- A hardcore blend of shooter and survival-horror;
- no matchmaking – you need a team of four friends;
- very complex missions that require planning and continuous communication;
- no traditional story campaign;
- divided into time-limited seasons – each will bring another mission pack.
You open a huge metal door. In the thick fog and dim light, you see two deformed silhouettes of motionless monsters. A few bursts from the rifle does the trick. You move on, find one of the IDs you're looking for, and suddenly, the hideous monsters overrun the team from every direction. The roar of weapons becomes relentless, the escape path is cut off, the enemies only grow larger in numbers, and you're running out of ammo. And then appears a monster twice as big as any other, seemingly immune to your bullets. In 40 seconds, the team of four becomes a team of two; then, it's just yourself. And then, the end. Mission failed. Wipe. You have to start all over.
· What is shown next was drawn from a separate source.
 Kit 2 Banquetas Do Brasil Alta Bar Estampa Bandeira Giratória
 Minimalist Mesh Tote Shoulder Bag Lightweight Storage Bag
GTFO is not just a coop shooter, in which the only thing you have to do is go forward and shoot everything that moves. It may look very similar to Killing Floor 2 at first glance, but in fact GTFO is more reminiscent of Destiny's complex raids, only with atmosphere reminiscent of the Alien movies. This is genuine hardcore, only for flawlessly cooperating teams that work like well-oiled machines – for now, you can forget about matchmaking. Before opening each door, entering each room, you've got to have your strategy figured and ready. As developers often point out, going Leeroy Jenkins in this game is not an option.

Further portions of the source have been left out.